Это был один из заветных замыслов самого Пушкина: «Должно описывать современные происшествия, — говорил он в 1827 году Вульфу, — теперь уже можно писать и о царствовании Николая, и о 14 декабря».
С 1834 года Пушкин был поставлен в новые условия для наблюдения за текущей государственностью.
«Пожалованный» 31 декабря 1833 года в камер-юнкеры («что довольно неприлично моим летам», записал Пушкин в своем дневнике), поэт решил воспользоваться своим приближением ко двору для правдивых и острых зарисовок его представителей: «сделаюсь русским Данжо».
Так назывался один из «мемуаристов» Людовика XIV, изображавший в своих протокольных записях пустой и бездушный быт королевского двора. Возможно, что Пушкин, называя это имя, имел в виду и другого знаменитого мемуариста той же эпохи — гениального дворцового памфлетиста XVII века герцога де-Сен-Симона, впервые издавшего «Дневник маркиза Данжо». По крайней мере в записях Пушкина о Николае I и его дворе чувствуется не столько протокольный наблюдатель, сколько негодующий сатирик.
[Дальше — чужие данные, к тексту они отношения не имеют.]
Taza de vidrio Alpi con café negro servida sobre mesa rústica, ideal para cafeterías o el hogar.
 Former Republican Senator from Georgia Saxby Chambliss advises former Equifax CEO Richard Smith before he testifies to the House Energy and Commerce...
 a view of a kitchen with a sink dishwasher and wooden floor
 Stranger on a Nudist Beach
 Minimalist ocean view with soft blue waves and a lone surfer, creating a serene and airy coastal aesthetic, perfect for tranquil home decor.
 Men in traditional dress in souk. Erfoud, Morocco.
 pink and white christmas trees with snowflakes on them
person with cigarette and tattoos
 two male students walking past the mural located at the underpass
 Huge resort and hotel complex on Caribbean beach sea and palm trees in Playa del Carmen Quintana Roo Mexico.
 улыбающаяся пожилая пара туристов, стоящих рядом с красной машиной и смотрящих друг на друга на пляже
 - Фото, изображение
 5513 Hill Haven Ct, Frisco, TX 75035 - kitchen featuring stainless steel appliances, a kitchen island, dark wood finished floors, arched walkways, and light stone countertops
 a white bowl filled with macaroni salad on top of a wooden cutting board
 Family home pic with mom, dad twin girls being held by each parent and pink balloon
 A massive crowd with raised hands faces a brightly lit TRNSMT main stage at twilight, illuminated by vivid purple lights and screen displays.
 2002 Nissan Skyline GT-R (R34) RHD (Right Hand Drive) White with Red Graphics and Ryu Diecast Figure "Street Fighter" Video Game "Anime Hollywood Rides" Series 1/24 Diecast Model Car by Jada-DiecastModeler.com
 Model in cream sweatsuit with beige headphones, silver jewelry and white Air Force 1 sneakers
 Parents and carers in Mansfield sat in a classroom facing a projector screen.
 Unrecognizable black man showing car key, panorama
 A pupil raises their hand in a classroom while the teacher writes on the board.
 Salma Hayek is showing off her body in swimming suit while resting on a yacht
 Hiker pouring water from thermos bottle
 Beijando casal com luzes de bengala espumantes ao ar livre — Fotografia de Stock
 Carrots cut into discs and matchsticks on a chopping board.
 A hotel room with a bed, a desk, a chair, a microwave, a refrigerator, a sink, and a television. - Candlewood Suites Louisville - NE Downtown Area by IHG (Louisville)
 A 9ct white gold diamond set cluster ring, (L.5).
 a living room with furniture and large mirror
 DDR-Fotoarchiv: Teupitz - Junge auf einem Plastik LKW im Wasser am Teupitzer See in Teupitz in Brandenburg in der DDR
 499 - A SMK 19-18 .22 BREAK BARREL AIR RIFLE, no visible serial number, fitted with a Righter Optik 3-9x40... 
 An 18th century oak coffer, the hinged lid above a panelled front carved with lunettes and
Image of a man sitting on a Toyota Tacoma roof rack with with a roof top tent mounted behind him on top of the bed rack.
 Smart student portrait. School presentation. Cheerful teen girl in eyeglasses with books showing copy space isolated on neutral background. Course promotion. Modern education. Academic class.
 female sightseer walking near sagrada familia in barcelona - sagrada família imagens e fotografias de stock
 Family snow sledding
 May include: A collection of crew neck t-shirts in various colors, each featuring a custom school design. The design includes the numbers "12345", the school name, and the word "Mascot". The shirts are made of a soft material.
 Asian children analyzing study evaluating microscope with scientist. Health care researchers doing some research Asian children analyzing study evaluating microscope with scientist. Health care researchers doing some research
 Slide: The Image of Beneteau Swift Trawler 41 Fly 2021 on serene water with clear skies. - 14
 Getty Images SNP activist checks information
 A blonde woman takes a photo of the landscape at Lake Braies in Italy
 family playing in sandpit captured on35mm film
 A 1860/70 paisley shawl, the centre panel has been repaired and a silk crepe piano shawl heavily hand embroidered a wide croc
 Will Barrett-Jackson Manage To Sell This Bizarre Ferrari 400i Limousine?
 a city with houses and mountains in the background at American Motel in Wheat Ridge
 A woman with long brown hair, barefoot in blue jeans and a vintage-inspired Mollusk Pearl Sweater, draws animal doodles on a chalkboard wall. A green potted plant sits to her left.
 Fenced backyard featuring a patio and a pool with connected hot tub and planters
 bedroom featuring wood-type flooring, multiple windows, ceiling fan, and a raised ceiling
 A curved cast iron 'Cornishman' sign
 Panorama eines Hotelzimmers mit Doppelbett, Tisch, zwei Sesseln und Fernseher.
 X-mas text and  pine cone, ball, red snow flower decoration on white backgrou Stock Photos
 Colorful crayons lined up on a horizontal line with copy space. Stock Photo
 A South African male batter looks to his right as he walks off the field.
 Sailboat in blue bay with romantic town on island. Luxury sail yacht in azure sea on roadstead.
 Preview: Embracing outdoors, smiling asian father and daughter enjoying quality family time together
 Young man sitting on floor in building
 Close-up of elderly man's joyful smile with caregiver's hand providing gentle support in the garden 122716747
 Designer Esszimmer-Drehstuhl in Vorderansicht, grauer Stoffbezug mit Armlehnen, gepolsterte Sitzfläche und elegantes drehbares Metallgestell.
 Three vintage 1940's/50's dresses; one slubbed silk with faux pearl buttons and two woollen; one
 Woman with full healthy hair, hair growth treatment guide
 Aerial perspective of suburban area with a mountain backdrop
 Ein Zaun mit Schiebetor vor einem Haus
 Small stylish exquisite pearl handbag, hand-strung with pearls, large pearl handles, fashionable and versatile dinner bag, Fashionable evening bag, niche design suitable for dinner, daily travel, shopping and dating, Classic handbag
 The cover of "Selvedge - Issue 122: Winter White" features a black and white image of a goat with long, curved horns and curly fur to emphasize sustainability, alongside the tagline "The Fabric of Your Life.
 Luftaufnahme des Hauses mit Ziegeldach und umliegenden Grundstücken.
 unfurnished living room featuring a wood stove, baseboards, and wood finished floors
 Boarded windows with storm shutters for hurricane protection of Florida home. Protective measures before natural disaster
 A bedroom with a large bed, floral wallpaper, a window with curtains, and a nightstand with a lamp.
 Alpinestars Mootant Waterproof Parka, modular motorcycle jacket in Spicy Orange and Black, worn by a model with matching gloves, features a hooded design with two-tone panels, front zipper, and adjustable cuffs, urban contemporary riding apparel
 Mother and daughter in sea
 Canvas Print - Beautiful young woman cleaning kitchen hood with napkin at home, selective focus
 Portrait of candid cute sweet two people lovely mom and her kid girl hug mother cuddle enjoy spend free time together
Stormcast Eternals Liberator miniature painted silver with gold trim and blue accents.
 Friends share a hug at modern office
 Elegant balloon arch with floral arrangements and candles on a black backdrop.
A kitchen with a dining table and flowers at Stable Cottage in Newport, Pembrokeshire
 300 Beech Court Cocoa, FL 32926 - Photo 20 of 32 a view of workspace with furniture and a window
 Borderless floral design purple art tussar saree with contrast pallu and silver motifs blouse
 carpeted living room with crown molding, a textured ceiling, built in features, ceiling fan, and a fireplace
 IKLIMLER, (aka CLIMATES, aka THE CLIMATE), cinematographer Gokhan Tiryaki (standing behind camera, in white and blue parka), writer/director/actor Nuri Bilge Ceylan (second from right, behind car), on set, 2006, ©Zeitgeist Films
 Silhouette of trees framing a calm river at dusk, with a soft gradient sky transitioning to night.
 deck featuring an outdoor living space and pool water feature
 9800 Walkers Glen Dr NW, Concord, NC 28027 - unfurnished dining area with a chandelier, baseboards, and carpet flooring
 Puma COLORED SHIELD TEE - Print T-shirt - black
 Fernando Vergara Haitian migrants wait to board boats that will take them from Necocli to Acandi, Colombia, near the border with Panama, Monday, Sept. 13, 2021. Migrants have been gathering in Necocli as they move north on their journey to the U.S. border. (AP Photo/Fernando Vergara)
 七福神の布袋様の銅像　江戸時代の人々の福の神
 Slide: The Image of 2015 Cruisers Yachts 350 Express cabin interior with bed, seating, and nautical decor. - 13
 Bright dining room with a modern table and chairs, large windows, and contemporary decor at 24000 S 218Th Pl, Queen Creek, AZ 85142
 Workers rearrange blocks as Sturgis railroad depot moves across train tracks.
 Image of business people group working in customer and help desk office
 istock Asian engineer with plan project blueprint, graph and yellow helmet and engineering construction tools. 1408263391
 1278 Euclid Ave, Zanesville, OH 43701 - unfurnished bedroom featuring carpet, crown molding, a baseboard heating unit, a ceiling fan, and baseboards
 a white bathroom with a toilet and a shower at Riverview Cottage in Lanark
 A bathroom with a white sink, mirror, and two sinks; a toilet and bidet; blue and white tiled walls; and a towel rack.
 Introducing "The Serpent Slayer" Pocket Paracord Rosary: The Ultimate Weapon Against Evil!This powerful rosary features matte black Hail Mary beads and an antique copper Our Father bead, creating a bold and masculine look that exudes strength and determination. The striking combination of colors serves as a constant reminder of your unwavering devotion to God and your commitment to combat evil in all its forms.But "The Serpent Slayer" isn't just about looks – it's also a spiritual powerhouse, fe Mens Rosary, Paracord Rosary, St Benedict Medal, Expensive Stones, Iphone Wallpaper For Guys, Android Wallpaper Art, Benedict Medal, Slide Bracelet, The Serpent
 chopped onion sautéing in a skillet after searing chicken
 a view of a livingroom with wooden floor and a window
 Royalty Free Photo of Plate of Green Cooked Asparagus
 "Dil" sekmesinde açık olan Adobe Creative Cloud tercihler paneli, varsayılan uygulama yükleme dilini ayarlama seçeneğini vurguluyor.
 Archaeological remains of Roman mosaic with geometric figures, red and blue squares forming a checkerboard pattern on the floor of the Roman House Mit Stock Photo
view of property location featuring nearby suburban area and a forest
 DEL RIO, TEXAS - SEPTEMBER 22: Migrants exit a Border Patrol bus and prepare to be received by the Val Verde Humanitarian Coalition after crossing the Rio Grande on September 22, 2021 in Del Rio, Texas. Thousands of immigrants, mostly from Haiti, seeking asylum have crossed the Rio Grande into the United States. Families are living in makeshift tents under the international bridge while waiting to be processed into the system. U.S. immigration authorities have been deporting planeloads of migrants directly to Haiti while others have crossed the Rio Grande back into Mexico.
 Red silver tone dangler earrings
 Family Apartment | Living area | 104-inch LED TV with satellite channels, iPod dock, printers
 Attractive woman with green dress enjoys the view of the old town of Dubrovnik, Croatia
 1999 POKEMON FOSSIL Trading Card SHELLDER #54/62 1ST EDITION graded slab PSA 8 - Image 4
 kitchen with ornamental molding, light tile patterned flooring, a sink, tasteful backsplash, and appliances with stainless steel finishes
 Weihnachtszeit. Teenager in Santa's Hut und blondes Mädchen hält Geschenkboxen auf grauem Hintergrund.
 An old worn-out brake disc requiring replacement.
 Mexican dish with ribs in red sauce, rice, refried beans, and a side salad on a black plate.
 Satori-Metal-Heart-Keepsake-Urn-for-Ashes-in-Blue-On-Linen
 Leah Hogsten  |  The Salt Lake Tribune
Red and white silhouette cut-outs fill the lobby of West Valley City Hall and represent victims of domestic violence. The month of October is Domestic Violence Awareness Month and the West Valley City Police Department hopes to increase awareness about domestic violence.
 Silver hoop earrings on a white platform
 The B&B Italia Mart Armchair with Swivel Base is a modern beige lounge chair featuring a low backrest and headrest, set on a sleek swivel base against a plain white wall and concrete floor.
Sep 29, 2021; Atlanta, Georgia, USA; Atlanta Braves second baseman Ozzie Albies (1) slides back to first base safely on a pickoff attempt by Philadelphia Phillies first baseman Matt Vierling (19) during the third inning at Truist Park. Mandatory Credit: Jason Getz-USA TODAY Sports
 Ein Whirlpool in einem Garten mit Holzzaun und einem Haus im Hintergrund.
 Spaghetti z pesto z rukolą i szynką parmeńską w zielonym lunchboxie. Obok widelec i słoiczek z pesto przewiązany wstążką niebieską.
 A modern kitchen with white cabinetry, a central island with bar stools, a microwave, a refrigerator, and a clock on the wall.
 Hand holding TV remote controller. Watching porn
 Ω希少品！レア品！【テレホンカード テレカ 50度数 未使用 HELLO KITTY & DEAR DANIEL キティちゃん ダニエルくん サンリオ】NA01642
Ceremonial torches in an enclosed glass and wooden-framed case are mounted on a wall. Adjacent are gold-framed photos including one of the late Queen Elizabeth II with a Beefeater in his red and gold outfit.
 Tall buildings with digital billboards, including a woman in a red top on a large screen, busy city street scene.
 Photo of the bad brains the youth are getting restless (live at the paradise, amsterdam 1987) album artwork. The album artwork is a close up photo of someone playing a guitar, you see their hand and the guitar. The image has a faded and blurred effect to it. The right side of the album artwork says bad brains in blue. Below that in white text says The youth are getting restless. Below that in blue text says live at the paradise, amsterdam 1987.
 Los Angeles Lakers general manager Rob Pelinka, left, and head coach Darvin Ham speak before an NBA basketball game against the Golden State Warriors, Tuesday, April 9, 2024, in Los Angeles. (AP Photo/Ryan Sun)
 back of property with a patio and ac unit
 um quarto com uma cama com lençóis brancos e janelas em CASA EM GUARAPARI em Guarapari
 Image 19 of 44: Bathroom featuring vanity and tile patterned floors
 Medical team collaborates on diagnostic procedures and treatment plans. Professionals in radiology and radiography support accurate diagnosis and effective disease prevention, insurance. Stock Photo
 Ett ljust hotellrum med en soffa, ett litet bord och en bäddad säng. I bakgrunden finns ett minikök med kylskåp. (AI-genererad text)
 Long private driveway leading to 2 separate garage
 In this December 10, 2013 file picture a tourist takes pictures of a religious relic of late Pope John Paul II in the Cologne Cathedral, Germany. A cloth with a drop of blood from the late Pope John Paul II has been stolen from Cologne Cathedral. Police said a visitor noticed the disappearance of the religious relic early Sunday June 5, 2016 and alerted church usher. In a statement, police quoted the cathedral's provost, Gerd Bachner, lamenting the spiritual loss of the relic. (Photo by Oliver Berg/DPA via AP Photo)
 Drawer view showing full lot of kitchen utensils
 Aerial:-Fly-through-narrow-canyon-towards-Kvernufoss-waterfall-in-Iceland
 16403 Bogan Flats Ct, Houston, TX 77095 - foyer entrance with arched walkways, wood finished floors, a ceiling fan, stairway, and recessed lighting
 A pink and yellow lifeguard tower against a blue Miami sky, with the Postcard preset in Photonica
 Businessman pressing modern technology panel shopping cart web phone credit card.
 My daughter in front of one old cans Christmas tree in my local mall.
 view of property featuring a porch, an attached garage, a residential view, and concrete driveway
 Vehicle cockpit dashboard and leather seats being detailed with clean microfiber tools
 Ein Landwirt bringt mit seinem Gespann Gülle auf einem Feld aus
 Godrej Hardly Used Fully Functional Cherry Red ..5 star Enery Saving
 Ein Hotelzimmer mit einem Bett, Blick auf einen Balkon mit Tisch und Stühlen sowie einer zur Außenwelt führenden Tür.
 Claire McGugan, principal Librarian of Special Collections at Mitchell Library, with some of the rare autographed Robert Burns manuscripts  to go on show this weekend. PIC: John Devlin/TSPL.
Сопровождая жену на балы в Аничков дворец, к Бобринским, Шуваловым, Уваровым, Салтыковым, Трубецким, Фикельмонам, Пушкин мог собрать богатейшие материалы для сатирических изображений современного Петербурга. Получив возможность постоянно наблюдать Николая I, он заносит в свой дневник и в свои письма ряд заметок, свидетельствующих о его действительном «возвращении в оппозицию» (как он открыто заявил Вульфу). Он осуждает царя за огромные суммы, цинически и бессмысленно расточаемые придворным фаворитам в годину народного голода; он критикует назначение на высшие посты людей с сомнительной репутацией, произвольные нарушения главой правительства общих порядков судопроизводства и правил приема в гвардию, его деспотические запреты русским проживать за границей, его бесцеремонное вмешательство в семейные дела своих подданных. Особенно возмущает Пушкина правительственная перлюстрация интимной семейной переписки: «Царь не стыдится давать ход интриге, достойной Видока и Булгарина. Что ни говори, мудрено быть самодержавным».
Пушкин клеймит царя и за его распущенность. Поэту ясны особые виды державного волокиты на его красавицу-жену. «Двору хотелось, чтоб N. N. танцовала в Аничкове», отмечает он в своем дневнике, применяя термин двор в качестве синонима императора. Сейчас же после назначения Пушкина камер-юнкером, в январе 1834 года, Николай I приступает к открытому ухаживанию за Натальей Николаевной. «На бале у Бобринских император танцовал с Наташей кадриль, а за ужином сидел возле нее», сообщает Надежда Осиповна Пушкина своей дочери 26 января 1834 года. Николай I начинает изображать из себя поклонника, кавалера и «рыцаря» Натальи Николаевны.
В письмах поэта к жене явственно звучит его ревнивая тревога («Не кокетничай с царем», «твои кокетственные отношения с соседом» и пр.). Если Александр I был заклеймен Пушкиным в эпиграммах, Николай I получил позорящее клеймо в дневниках и письмах поэта.
Таковы же впечатления Пушкина от одного из первых сподвижников Николая I — его вице-канцлера Нессельроде. Это был сухой и бездарный чиновник, приверженец Меттерниха в международных делах, получивший меткое прозвище «австрийского министра русских иностранных дел». Воинствующий легитимист, он подготовил в 1815 году реставрацию Бурбонов, отнесся враждебно к греческому восстанию, проявлял неизменную ненависть к «очагу революции» — Франции, неуклонно отстаивал теснейший союз России с реакционнейшей Австрией.